中文版README / Research Paper

Run ItyFuzz with UI

Install Docker from https://www.docker.com/ and run our docker image (x86 only, running on non-x86 platform significantly degrades performance):

docker run -p 8000:8000 fuzzland/dev-ityfuzz-2

Then, you can visit the interface at http://localhost:8000

Statistics & Comparison

Time taken for finding vulnerabilities / generating exploits:

Project Name	Vulnerability	Mythril	SMARTIAN	Slither	ItyFuzz
AES	Business Logic	Inf	Unsupported	No	4hrs
Carrot	Arbitrary External Call	17s	11s	Yes	1s
Olympus	Access Control	36s	Inf	Yes	1s
MUMUG	Price Manipulation	Inf	Unsupported	No	18hrs
Omni	Reentrancy	Inf	Unsupported	Yes*	22hrs
Verilog CTF-2	Reentrancy	Inf	Unsupported	Yes*	3s

_{* Slither only finds the reentrancy location, but not how to leverage reentrancy to trigger final buggy code. The output also contains significant amount of false positives.}

Test Coverage:

Dataset	SMARTIAN	Echidna	ItyFuzz
B1	97.1%	47.1%	99.2%
B2	86.2%	82.9%	95.4%
Tests	Unsupported	52.9%	100%

_{* B1 and B2 contain 72 single-contract projects from SMARTIAN artifacts.
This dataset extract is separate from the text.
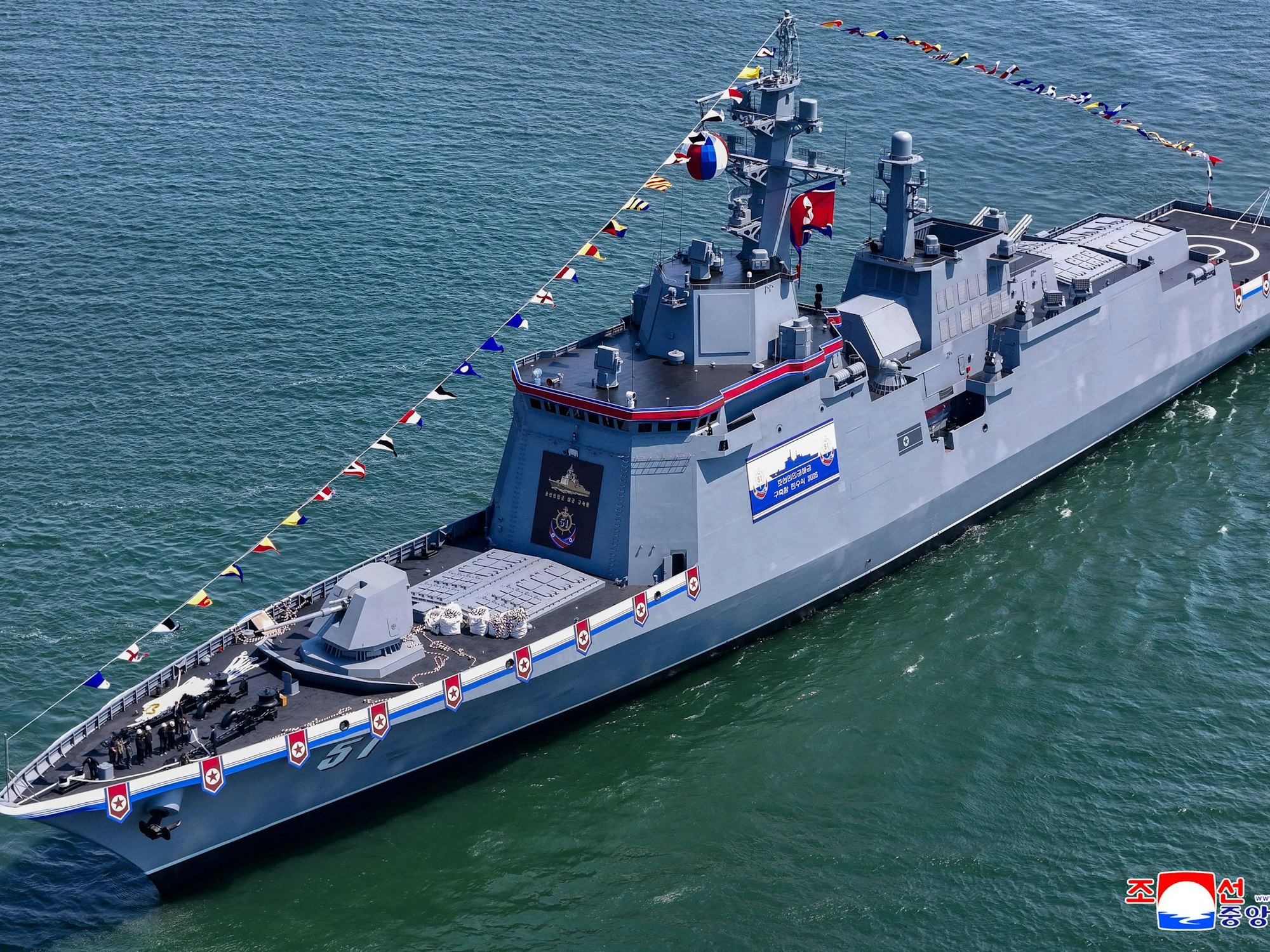 Dieses am 25. April 2025 aufgenommene und am 26. April 2025 von Nordkoreas offizieller Koreanischer Zentraler Nachrichtenagentur (KCNA) veröffentlichte Bild zeigt den Stapellauf eines neu gebauten Zerstörers im Hafen von Nampo in Nampo.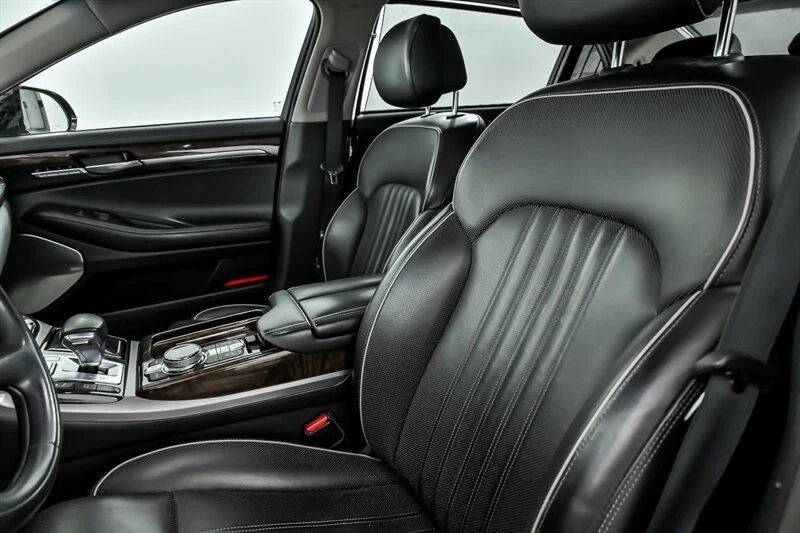 2017 Genesis G90 - Image 20 of 21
Tests are the projects in tests directory. The coverage is calculated as (instruction covered) / (total instruction - dead code).}

Development

Building

You need to have libssl-dev (OpenSSL) and libz3-dev (refer to Z3 Installation section for instruction) installed.

# download move dependencies
git submodule update --recursive --init
cd cli/
cargo build --release

You can enable certain debug gates in Cargo.toml

solc is needed for compiling smart contracts. You can use solc-select tool to manage the version of solc.

Run

Compile Smart Contracts:

cd ./tests/multi-contract/
# include the library from ./solidity_utils for example
solc *.sol -o . --bin --abi --overwrite --base-path ../../

Run Fuzzer:

# if cli binary exists
cd ./cli/
./cli -t '../tests/multi-contract/*'

Demo

Verilog CTF Challenge 2 tests/verilog-2/

Flashloan attack + Reentrancy. The target is to reach line 34 in Bounty.sol.

Exact Exploit:

0. Borrow k MATIC such that k > balance() / 10
1. depositMATIC() with k MATIC
2. redeem(k * 1e18) -- reentrancy contract --> getBounty()
3. Return k MATIC

Use fuzzer to detect the vulnerability and generate the exploit (takes 0 - 200s):

# build contracts in tests/verilog-2/
solc *.sol -o . --bin --abi --overwrite --base-path ../../
# run fuzzer
./cli -f -t "./tests/verilog-2/*"

-f flag enables automated flashloan, which hooks all ERC20 external calls and make any users to have infinite balance.

Fuzz a Project (Offline)

You can fuzz a project by providing a path to the project directory.

./cli -t '[DIR_PATH]/*'

ItyFuzz would attempt to deploy all artifacts in the directory to a blockchain with no other smart contracts.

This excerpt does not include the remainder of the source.